Cloverfield

I finally got around to watching Cloverfield. What a great movie!

It has a number of typical B-movie features (the schlock subject matter, the use of unknown actors and actresses, the short running time), but I think what sets it apart from other attempts at producing a modern day B-movie is the understanding that the best B-movies tap into the political and social climate in which they are made. Memorable B-movies such as Invaders from Mars and Invasion of the Body Snatchers owe much of their potency to the spirit of McCarthyism. Even Godzilla, with his “atomic ray”, is a reminder of the atomic bombs dropped on Hiroshima and Nagasaki.

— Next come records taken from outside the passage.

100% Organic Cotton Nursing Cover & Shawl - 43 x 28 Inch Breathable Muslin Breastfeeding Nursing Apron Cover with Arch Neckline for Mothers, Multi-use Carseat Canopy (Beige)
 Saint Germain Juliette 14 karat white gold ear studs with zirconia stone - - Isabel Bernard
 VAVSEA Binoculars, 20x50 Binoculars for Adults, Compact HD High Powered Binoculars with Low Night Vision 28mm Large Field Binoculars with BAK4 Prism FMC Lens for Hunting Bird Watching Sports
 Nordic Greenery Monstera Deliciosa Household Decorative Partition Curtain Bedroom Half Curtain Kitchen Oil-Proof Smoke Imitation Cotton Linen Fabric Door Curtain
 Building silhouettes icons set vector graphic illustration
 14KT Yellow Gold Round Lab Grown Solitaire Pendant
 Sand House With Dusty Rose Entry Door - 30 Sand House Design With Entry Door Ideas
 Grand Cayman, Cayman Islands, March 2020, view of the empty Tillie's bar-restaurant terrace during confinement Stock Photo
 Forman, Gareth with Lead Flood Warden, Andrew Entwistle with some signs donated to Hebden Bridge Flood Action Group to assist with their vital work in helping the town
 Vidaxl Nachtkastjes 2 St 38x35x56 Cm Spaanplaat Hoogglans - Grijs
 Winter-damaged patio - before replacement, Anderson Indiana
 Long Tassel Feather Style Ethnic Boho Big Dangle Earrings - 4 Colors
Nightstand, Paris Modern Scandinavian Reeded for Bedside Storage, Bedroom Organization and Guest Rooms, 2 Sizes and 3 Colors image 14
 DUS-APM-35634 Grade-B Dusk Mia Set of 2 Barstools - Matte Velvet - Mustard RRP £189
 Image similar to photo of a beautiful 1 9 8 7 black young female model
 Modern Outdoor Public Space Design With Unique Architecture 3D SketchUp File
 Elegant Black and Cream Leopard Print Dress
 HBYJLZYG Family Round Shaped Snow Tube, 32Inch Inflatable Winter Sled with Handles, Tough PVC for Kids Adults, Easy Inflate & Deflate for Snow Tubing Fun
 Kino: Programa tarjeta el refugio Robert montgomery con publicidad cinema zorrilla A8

There are plenty of recent movies, like Eight Legged Freaks and Slither, that are deliberate attempts to produce a modern day B-movie. Sadly, most of these movies are quite shallow (though fun), as there is nothing of merit beyond the few cheap thrills that they offer. Cloverfield is a bit more thought-provoking because it’s so obviously a reimagining of the horror of 9/11, and not just the terrorist attack and the devastation it caused, but also the way in which the events of 9/11 are fed into the public consciousness via countless shocking images and hours of grainy, shaky camera footage.

I know that this is not particularly original commentary now, but I think it’s worth giving the movie all the praise it’s due. I wish that more producers and directors had the intelligence to create monster movies this terrifying. Who knows, we might have been spared Peter Jackson’s awful remake of King Kong.